#### [About this exercise]
Only the pictures are to be left out; please reproduce everything else in the data exactly.

#### [Data]
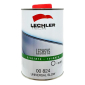 Razrjeđivač Lechsys®, Universal, 824, spori                              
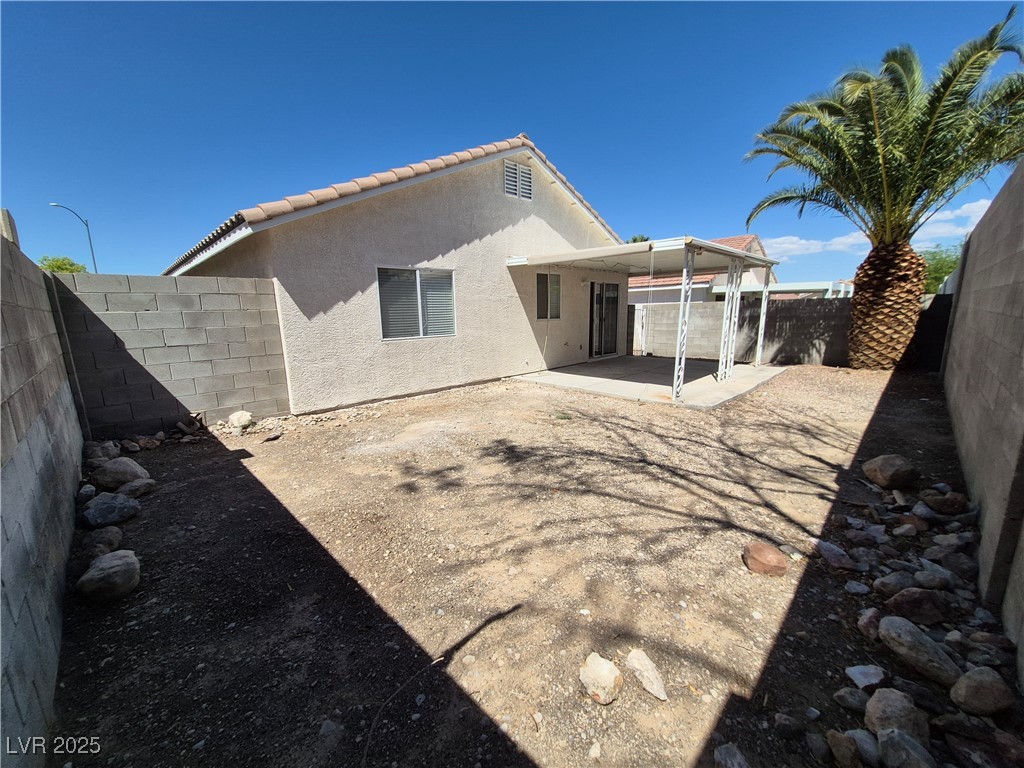 9341 Copper Villa Court Property Photo 29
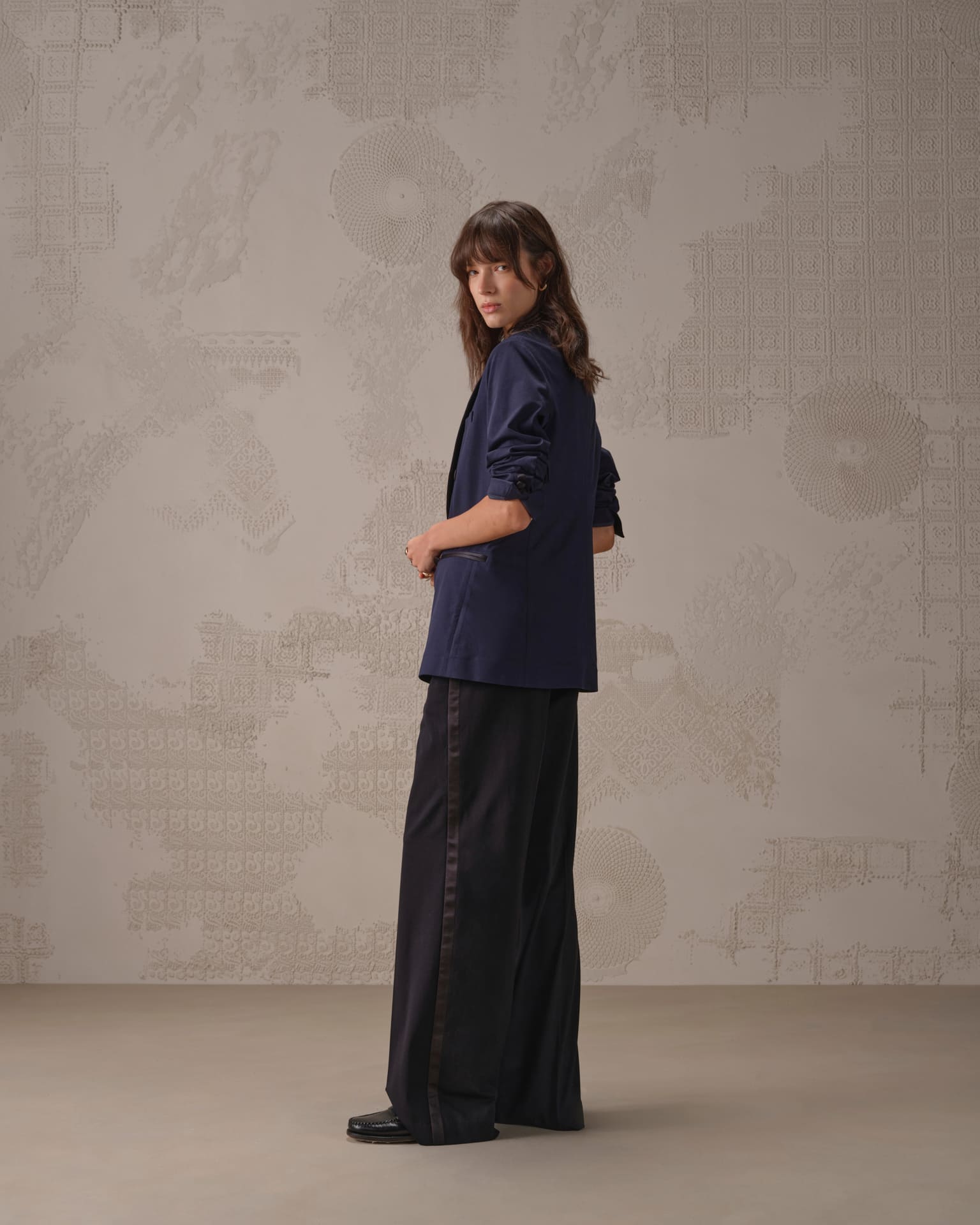 Media gallery FD3914 order 3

#### [Exercise solution]
 Razrjeđivač Lechsys®, Universal, 824, spori                              
 9341 Copper Villa Court Property Photo 29
 Media gallery FD3914 order 3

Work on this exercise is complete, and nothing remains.